[v3,3/3] btrfs: statfs: Use virtual chunk allocation to calculation available data space

Although btrfs_calc_avail_data_space() is trying to do an estimation
on how many data chunks it can allocate, the estimation is far from
perfect:

- Metadata over-commit is not considered at all
- Chunk allocation doesn't take RAID5/6 into consideration

Although current per-profile available space itself is not able to
handle metadata over-commit itself, the virtual chunk infrastructure can
be re-used to address above problems.

This patch will change btrfs_calc_avail_data_space() to do the following
things:
- Do metadata virtual chunk allocation first
  This is to address the over-commit behavior.
  If current metadata chunks have enough free space, we can completely
  skip this step.

- Allocate data virtual chunks as many as possible
  Just like what we did in per-profile available space estimation.
  Here we only need to calculate one profile, since statfs() call is
  a relative cold path.

Now statfs() should be able to report near perfect estimation on
available data space, and can handle RAID5/6 better.

[BENCHMARK]
For the performance difference, here is the benchmark:
 Disk layout:
 - devid 1:	1G
 - devid 2:	2G
 - devid 3:	3G
 - devid 4:	4G
 - devid 5:	5G
 metadata:	RAID1
 data:		RAID5

 This layout should be the worst case for RAID5, as it can
 from 5 disks raid5 to 2 disks raid 5 with unusable space.
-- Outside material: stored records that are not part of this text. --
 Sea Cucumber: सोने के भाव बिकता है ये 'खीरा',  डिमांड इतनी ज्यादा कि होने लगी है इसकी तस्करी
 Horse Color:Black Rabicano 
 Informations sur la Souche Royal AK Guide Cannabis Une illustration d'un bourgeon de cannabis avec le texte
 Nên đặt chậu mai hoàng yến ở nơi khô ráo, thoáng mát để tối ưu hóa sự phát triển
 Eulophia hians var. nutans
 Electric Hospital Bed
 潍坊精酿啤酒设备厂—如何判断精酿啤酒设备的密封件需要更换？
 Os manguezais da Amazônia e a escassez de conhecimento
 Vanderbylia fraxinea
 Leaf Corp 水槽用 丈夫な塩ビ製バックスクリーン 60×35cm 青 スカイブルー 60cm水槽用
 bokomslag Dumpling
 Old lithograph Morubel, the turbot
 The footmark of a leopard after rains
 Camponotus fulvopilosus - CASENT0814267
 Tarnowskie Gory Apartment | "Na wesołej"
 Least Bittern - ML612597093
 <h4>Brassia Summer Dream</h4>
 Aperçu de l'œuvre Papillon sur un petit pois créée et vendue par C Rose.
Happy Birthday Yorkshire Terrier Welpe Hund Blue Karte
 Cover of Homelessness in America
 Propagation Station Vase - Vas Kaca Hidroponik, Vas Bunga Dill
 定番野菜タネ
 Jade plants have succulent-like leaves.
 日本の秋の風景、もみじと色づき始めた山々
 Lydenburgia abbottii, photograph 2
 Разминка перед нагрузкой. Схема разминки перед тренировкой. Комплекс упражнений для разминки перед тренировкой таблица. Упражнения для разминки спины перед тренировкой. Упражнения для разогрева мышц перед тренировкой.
 Then use ftrace to trace the execution time of btrfs_statfs() after
 allocating 1G data chunk. Both have 12 samples.
				avg		std
 Patched:			17.59 us	7.04
 WIthout patch (v5.5-rc2):	14.98 us	6.16

When the fs is cold, there is a small performance for this particular
case, as we need to do several more iterations to calculate correct
RAID5 data space.
But it's still pretty good, and won't block chunk allocator for any
observable time.

When the fs is hot, the performance bottleneck is the chunk_mutex, where
the most common and longest holder would be __btrfs_chunk_alloc().
In that case, we may sleep much longer as __btrfs_chunk_alloc() can
trigger IO.

Since the new implementation is not observable slower than the old one,
and won't cause meaningful delay for chunk allocator, it should be more
or less OK.

Signed-off-by: Qu Wenruo <wqu@suse.com>
---
 fs/btrfs/super.c   | 190 ++++++++++++++++-----------------------------
 fs/btrfs/volumes.c |  12 +--
 fs/btrfs/volumes.h |   4 +
 3 files changed, 79 insertions(+), 127 deletions(-)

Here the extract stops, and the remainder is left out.